**Aim of the exercise**: Without changing a word, repeat the data, and include no pictures.
-------- Information supplied --------
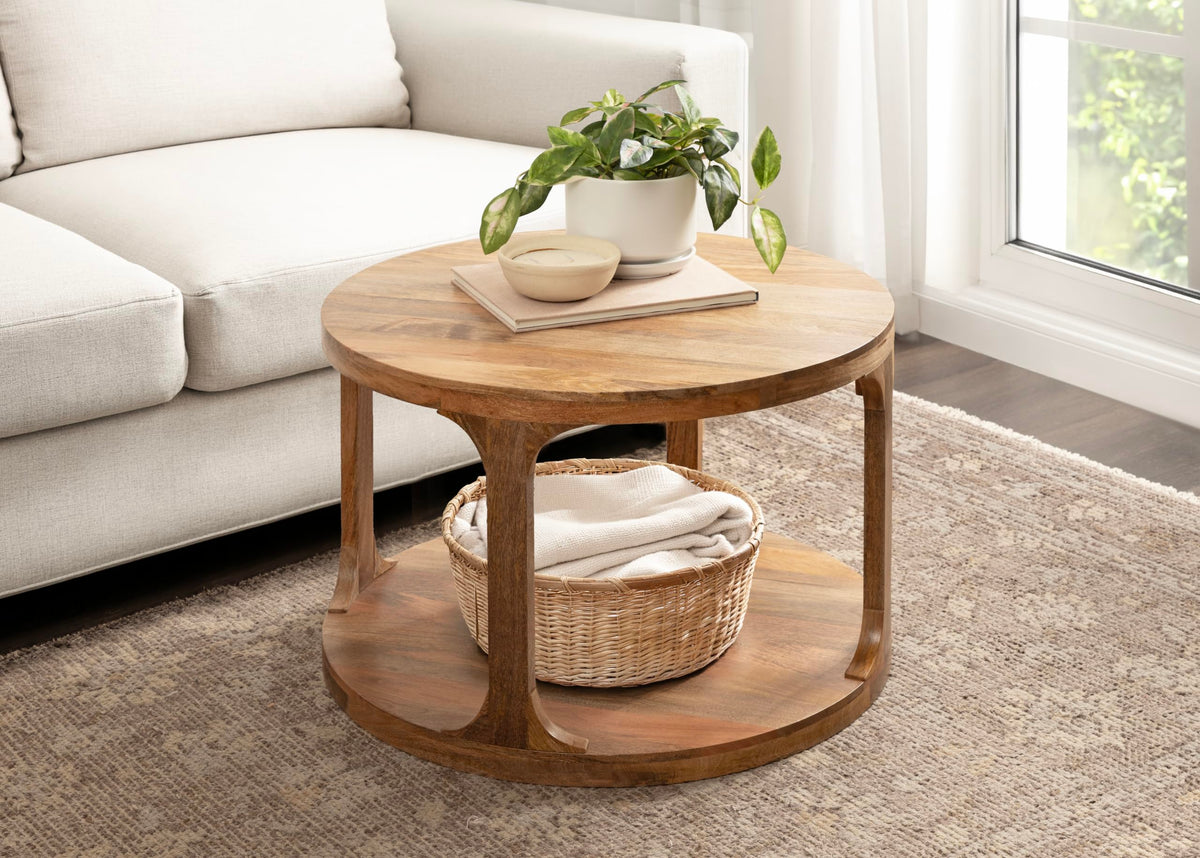 Round Mango Wood Coffee Table with Storage O471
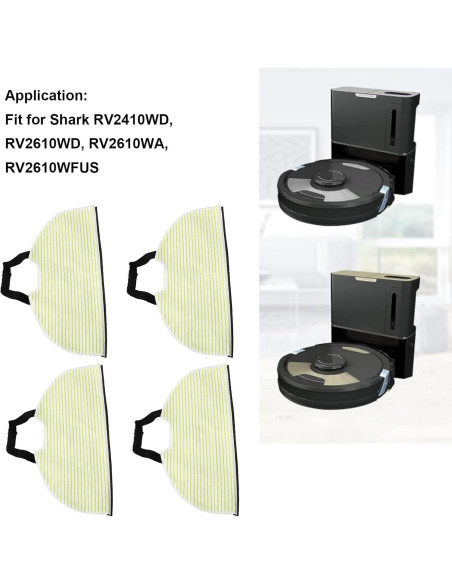 Almohadillas de Reemplazo para Mopas de Vacío TOPINCN 4 Pcs Microfibra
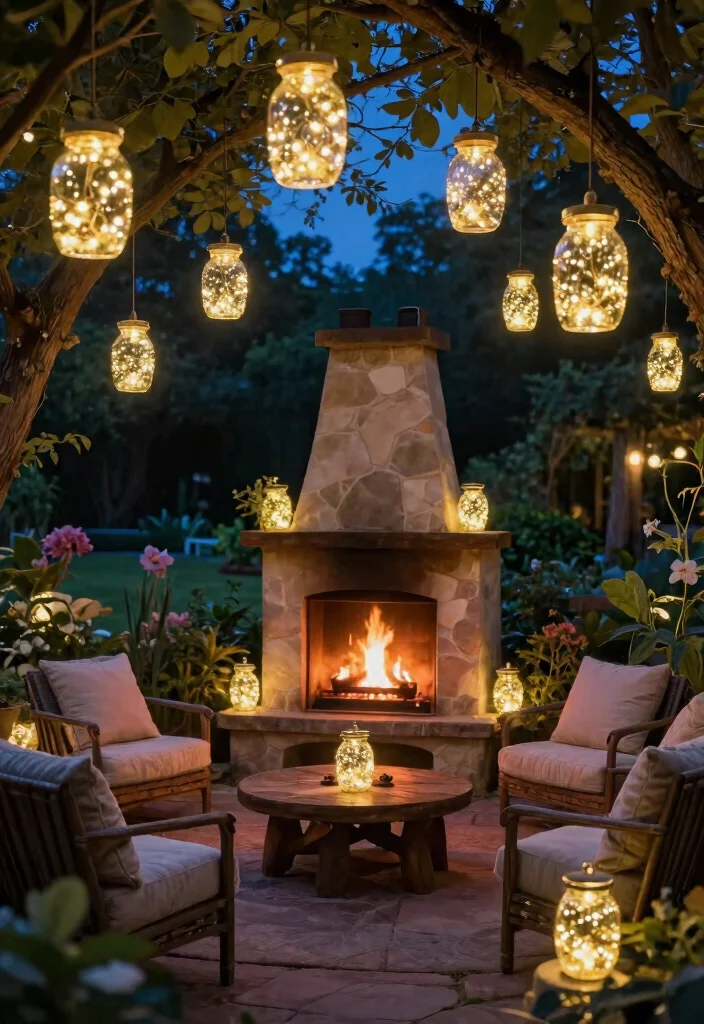 11 Magical Outdoor Fireplace Lighting Ideas for a Cozy Garden Ambiance 5. Firefly Jars for a Whimsical Touch 0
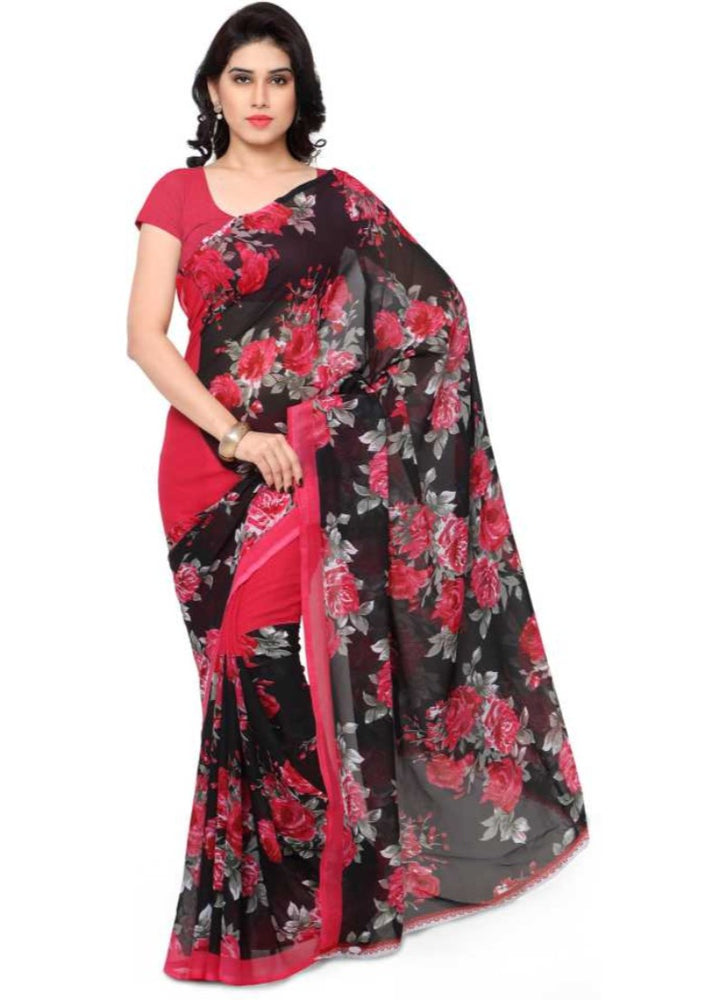 Printed Faux Georgette Pink Color Saree only in Bigswipe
--------
**Output of the exercise**:
 Round Mango Wood Coffee Table with Storage O471
 Almohadillas de Reemplazo para Mopas de Vacío TOPINCN 4 Pcs Microfibra
 11 Magical Outdoor Fireplace Lighting Ideas for a Cozy Garden Ambiance 5. Firefly Jars for a Whimsical Touch 0
 Printed Faux Georgette Pink Color Saree only in Bigswipe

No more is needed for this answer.